Guest Opinion: Nashua should stop abusing eminent domain threat
For more than two years, the city of Nashua and Pennichuck Corp. have been at odds over the city’s professed intention to acquire the company by eminent domain. The takeover was triggered by an announcement that the local water company planned to merge with Philadelphia Suburban, a large publicly traded water utility.
Pennichuck is a 150-year-old company that serves 21,000 residential, commercial and industrial customers in Nashua and 110,000 other customers in 36 communities throughout southern New Hampshire and northern Massachusetts.
The price tag on this eminent domain proceeding is sobering. Nashua’s mayor and aldermen have spent $600,000 in legal and consultant fees in their attempt to take over Pennichuck so far and will likely spend at least that much more over the coming year.
Conversely, it has cost the company $2 million to defend itself. Its stock price has been affected. Its business relationships have been clouded by uncertainty over who will ultimately operate its water business. Pennichuck estimates the harm to its business at $5 million and has sued the city to recover these damages.
The situation, to be blunt, is a mess. This is clearly a lose-lose situation for the taxpayers of Nashua and the employees and shareholders of Pennichuck Corp.
While the Business & Industry Association of New Hampshire does not routinely weigh in on local issues, there are times when one is so precedent-setting, or so egregious, that we feel compelled to speak out on behalf of the state’s business community. This is one of those instances.
The 5th Amendment of the U.S. Constitution has what is referred to as the “Eminent Domain Clause.” This provision gives governmental entities the right to take privately owned property, including land, and convert it to public use, subject to reasonable compensation. The key concepts are “public use” and “reasonable compensation.”
Eminent domain is a power that is normally reserved for use when a governmental entity needs property in order to perform an essential function, such as building a road, and occasionally for other beneficial purposes such as urban redevelopment.
Government’s power of eminent domain can be abused, however. And we believe that Nashua has clearly overreached its authority in this instance.
The city is not only attempting to take the company’s waterworks inside the boundaries of Nashua, but also laying claim to Pennichuck subsidiaries that provide water service outside of Nashua through systems that are entirely unconnected to the one serving the city.
In this instance, the power of eminent domain is not being used for any overriding public benefit, but to block a legitimate business decision made by Pennichuck’s board of directors to merge with another company. City leaders have essentially admitted as much.
Trying to take over Pennichuck is clearly bad public policy.
If the utility were poorly run, or did not adequately invest in infrastructure, or was in some way an impediment to the community’s economic vitality, or its rates were way out of line, then perhaps a legitimate case could be made that acquisition of the company for “public use” would be appropriate.

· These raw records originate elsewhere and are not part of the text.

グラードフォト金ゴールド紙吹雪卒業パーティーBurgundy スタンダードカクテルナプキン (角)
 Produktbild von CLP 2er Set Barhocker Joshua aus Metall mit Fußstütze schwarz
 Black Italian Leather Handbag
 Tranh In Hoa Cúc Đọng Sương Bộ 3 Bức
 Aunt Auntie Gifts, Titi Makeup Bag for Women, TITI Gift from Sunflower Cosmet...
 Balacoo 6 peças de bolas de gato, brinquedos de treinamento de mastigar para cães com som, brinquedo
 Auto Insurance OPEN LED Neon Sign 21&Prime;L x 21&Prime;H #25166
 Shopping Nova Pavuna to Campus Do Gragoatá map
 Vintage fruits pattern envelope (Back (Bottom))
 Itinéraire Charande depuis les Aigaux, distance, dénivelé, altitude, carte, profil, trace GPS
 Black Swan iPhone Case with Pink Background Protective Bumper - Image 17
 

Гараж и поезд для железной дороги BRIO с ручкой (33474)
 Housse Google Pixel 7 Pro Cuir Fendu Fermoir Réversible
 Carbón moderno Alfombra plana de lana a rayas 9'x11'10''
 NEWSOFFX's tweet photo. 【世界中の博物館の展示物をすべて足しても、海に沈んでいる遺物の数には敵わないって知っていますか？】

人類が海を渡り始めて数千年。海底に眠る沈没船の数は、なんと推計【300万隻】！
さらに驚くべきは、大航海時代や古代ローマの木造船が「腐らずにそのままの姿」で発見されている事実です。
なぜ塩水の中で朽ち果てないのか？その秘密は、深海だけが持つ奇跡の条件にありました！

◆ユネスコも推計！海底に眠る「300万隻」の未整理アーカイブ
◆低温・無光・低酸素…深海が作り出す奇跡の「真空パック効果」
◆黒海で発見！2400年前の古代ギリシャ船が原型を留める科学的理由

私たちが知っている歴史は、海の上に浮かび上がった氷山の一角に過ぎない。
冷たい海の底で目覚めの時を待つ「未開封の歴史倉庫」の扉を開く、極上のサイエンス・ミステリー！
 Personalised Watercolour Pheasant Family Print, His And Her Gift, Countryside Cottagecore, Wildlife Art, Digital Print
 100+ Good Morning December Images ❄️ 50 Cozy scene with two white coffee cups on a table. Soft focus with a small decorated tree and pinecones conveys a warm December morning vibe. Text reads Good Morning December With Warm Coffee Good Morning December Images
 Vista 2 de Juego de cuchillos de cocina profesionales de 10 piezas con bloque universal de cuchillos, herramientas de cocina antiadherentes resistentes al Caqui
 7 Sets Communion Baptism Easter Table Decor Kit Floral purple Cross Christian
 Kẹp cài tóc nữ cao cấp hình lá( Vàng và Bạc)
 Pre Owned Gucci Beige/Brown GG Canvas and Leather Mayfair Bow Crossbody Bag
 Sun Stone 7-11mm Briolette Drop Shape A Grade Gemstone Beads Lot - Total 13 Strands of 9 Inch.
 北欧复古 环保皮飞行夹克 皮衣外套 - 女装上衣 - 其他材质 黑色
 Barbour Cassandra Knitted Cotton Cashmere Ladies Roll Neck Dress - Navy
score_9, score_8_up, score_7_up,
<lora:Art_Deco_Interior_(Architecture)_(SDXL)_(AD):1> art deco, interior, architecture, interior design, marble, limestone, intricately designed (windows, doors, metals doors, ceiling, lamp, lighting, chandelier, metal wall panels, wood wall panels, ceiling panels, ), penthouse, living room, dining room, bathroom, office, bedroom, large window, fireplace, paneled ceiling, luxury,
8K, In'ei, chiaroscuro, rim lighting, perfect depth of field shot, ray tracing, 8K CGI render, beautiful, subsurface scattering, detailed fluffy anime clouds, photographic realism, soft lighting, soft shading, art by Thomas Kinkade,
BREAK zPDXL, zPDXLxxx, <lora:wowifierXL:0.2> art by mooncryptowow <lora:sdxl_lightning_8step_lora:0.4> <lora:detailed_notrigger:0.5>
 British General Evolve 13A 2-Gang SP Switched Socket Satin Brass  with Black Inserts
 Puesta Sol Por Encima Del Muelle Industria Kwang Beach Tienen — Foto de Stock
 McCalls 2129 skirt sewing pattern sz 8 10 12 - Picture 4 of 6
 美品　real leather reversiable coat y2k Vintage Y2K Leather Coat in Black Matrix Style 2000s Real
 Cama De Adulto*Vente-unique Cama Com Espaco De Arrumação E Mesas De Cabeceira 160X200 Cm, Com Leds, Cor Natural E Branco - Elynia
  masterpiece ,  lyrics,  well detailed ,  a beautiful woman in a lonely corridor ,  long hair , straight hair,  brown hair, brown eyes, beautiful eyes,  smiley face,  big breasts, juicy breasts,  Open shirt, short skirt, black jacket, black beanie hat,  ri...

However, that is not the case. No one has accused Pennichuck of poor service, prices that are out of line or of delivering an inferior or unsafe product to its customers. In fact, even Nashua’s leaders concede that the company is doing a good job. The real issue is that some people in the city don’t like the idea of their water company being owned by an out-of-state interest. Of course, they overlook the fact that Pennichuck itself is already owned by a publicly traded holding company whose shareholders reside throughout the country.
Using Nashua’s logic, the mayor and aldermen in Manchester could threaten to acquire PSNH’s entire statewide assets by eminent domain, or those of any of New Hampshire’s gas companies for that matter. These companies are all owned by corporations whose headquarters are out of state.
Emotionally we may not like a change in ownership of our bank or our telephone company, but over time we build a relationship with the new company. Most of the time we don’t see much change in the product or service we receive as a customer. Often, the cost of providing service is held in check by such mergers. The name changes. Life goes on.
The prospect of Nashua taking all of the utility assets of a company that provides water service throughout the southern tier of the state and into central New Hampshire and the Seacoast is obviously ridiculous. Government seizure of private businesses isn’t viewed favorably in the USA.
We expect that the courts and the New Hampshire Public Utilities Commission will agree in Pennichuck’s case. Nashua’s efforts are nothing more than a hostile takeover bid trying to disguise itself as legitimate public policy.
John Crosier is president and chief executive officer of the Business & Industry Association of New Hampshire.